### Problem details
Of all the entries below, retype only the lines from the one with "사남면 탁송 영업 시간" through the one with "الباحثون السوريون - التنجيم VS علم الفلك", exactly as they appear.

### Supplied data
- - -

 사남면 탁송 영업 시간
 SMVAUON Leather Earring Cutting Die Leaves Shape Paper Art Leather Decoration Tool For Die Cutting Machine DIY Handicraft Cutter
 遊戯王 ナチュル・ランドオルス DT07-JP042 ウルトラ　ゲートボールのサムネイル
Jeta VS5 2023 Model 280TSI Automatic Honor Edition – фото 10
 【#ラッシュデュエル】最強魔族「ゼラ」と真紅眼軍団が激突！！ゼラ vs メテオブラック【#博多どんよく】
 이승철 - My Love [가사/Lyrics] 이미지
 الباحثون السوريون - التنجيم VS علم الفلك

- - -

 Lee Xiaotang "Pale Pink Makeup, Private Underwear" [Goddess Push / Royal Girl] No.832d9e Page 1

- - -

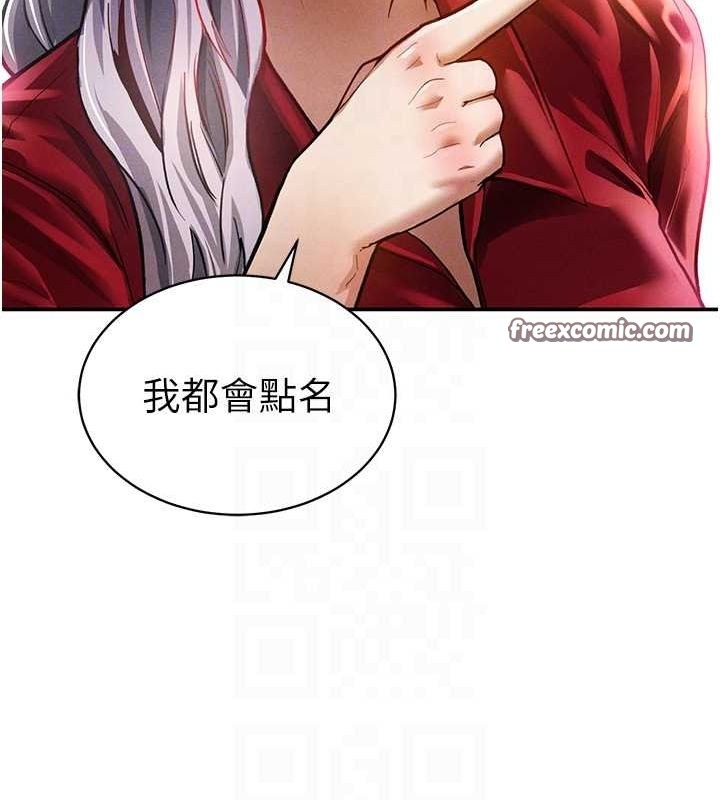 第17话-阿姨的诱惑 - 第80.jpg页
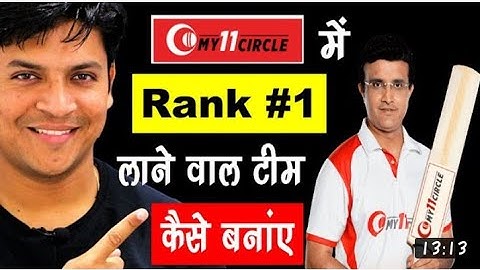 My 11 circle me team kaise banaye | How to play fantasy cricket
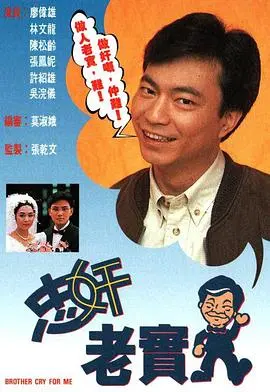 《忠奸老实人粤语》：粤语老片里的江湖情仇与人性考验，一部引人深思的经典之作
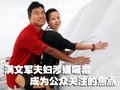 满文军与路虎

- - -

### Solution
 사남면 탁송 영업 시간
 SMVAUON Leather Earring Cutting Die Leaves Shape Paper Art Leather Decoration Tool For Die Cutting Machine DIY Handicraft Cutter
 遊戯王 ナチュル・ランドオルス DT07-JP042 ウルトラ　ゲートボールのサムネイル
Jeta VS5 2023 Model 280TSI Automatic Honor Edition – фото 10
 【#ラッシュデュエル】最強魔族「ゼラ」と真紅眼軍団が激突！！ゼラ vs メテオブラック【#博多どんよく】
 이승철 - My Love [가사/Lyrics] 이미지
 الباحثون السوريون - التنجيم VS علم الفلك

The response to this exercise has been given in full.